The graph represents the total sales for each city over the months. The months are shown on the x-axis, while the total sales are shown on the y-axis. The different colors represent the 4 cities. From the graph thus obtained we can conclude that greater sales accumulate in the summer months (5,6,7,8), especially for the cities of Bryan College station and Tyler

  1. Stacked bar chart: normalized distribution of the total value of sales
ggplot(dati)+
  geom_bar(aes(x=factor(month),y=volume, fill = city), 
           stat = "identity", position = 'fill')+
  labs(
    title = 'normalized distribution of the total value of sales',
    x = 'month',
    y = 'total sales'
  )+
  theme_light() +
  theme(
    plot.title = element_text(hjust = 0.5,face='bold'),
    axis.title.x = element_text(face = 'italic'),
    axis.title.y = element_text(face = 'italic')
  )

The normalized graph represents total sales for each city over the months.

  1. time series of the total value of sales
date = as.Date(paste(dati$year, dati$month, '01', sep = '-'))

ggplot(dati, aes(x=date, y=sales, color=city))+
  
  geom_line(linewidth=1)+
  geom_point(size=2)+
  
  scale_color_discrete(name = "city") +
  
  labs(
    title = 'time series of the total value of sales',
    x ='date',
    y = 'total sales'
  )+
  scale_x_date(date_breaks = '2 months', 
               date_labels ='%b',
               expand= c(0.02, 0.02)
               )+
  theme_light()+
  theme(
    plot.title = element_text(hjust = 0.5),
    axis.text.x = element_text(angle = 45, hjust = 1),
    legend.position = 'bottom',
    panel.grid.minor = element_blank(),
    strip.background = element_rect(fill = 'gray90'),
    strip.text = element_text(face = 'bold')
  ) + 
  facet_wrap(~year, ncol = 3, scales = 'free_x')

The line charts show the total sales of the 4 cities over the years (2010-2014).
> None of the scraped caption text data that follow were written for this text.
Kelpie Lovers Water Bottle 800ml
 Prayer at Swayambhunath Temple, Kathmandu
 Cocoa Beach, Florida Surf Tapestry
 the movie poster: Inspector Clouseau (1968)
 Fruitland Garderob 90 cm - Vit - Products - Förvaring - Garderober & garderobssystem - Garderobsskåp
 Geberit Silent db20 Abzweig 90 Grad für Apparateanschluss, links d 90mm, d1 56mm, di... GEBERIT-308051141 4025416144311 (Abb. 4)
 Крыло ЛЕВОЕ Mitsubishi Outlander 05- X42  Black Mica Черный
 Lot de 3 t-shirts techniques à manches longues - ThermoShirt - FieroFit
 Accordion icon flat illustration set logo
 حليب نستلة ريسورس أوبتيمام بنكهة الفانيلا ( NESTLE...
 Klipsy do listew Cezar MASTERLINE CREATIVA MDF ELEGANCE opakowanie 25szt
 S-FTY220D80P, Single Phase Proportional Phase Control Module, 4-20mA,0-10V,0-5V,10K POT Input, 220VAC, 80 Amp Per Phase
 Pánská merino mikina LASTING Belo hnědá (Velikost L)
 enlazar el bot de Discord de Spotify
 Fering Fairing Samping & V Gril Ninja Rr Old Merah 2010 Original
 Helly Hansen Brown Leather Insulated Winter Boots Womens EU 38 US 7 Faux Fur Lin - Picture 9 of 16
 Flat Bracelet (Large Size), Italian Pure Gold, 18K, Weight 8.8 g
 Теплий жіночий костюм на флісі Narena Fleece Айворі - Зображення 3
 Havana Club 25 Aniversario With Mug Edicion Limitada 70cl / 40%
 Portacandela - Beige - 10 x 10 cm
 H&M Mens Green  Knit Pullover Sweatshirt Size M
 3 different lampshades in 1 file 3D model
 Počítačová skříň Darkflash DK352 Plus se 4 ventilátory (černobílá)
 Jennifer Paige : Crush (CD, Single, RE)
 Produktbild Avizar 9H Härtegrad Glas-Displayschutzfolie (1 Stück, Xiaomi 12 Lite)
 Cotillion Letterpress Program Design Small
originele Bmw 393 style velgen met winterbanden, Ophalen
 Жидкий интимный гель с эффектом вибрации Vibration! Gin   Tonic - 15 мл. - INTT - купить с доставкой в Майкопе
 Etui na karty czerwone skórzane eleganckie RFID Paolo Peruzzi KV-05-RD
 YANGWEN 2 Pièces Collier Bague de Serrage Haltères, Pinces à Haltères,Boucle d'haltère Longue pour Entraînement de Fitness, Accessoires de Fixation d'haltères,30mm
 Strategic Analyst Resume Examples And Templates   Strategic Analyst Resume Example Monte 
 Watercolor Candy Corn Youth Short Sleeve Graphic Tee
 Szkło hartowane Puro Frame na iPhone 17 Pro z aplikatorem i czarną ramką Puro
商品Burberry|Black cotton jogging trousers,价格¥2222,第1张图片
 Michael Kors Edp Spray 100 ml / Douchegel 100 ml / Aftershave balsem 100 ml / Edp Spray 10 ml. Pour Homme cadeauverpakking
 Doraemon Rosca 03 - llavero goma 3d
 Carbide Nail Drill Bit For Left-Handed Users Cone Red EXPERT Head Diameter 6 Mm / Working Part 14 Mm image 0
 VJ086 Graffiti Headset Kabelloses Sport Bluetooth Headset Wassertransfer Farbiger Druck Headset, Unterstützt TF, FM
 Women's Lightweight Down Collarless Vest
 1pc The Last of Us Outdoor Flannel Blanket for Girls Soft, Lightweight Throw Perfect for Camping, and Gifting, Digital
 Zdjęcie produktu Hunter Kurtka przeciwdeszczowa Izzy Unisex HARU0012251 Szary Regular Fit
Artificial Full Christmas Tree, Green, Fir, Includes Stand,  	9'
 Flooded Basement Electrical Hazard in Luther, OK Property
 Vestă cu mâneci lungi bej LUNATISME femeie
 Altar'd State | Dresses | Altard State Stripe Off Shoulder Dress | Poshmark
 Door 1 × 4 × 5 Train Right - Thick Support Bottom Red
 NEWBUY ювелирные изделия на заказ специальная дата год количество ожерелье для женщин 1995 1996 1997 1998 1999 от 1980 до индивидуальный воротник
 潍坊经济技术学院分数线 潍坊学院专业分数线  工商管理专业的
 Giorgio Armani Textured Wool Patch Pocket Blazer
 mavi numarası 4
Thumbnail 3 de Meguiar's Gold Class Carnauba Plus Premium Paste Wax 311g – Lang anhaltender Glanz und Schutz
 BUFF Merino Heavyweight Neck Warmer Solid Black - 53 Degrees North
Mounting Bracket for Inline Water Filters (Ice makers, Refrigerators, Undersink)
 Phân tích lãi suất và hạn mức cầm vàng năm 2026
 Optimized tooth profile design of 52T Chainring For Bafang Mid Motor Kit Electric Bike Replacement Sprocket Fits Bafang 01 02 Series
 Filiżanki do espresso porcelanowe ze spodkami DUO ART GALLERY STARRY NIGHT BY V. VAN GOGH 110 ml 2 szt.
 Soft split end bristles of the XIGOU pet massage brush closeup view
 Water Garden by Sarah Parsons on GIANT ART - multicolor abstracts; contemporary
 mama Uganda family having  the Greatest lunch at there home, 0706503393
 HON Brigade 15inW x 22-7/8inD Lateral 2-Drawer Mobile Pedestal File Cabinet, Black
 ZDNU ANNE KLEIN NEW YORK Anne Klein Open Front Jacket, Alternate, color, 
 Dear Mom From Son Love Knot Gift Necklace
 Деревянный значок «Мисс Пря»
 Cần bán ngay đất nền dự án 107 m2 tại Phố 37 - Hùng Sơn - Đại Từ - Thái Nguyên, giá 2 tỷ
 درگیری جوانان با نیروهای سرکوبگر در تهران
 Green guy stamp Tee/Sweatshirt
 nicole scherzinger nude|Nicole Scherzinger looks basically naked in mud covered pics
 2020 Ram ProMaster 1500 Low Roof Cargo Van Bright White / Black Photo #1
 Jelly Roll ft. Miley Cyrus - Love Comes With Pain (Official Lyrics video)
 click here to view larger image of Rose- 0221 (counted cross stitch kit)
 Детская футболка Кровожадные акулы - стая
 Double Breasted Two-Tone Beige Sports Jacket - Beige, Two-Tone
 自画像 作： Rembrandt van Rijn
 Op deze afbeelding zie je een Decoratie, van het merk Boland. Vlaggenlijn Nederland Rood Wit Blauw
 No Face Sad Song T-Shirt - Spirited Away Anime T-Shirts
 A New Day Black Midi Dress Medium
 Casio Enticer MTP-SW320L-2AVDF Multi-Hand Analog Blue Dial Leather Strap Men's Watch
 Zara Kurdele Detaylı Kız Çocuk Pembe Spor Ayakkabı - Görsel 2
The x-axis shows the months, while the y-axis shows the total sales for each city. Looking at the chart, we can conclude that the city of Tyler, compared to the other cities, has had the most sales since 2010 and continues to grow until 2014. On the contrary, the city with the least sales is Wichita Falls, where total sales remain constant from 2010 to 2014.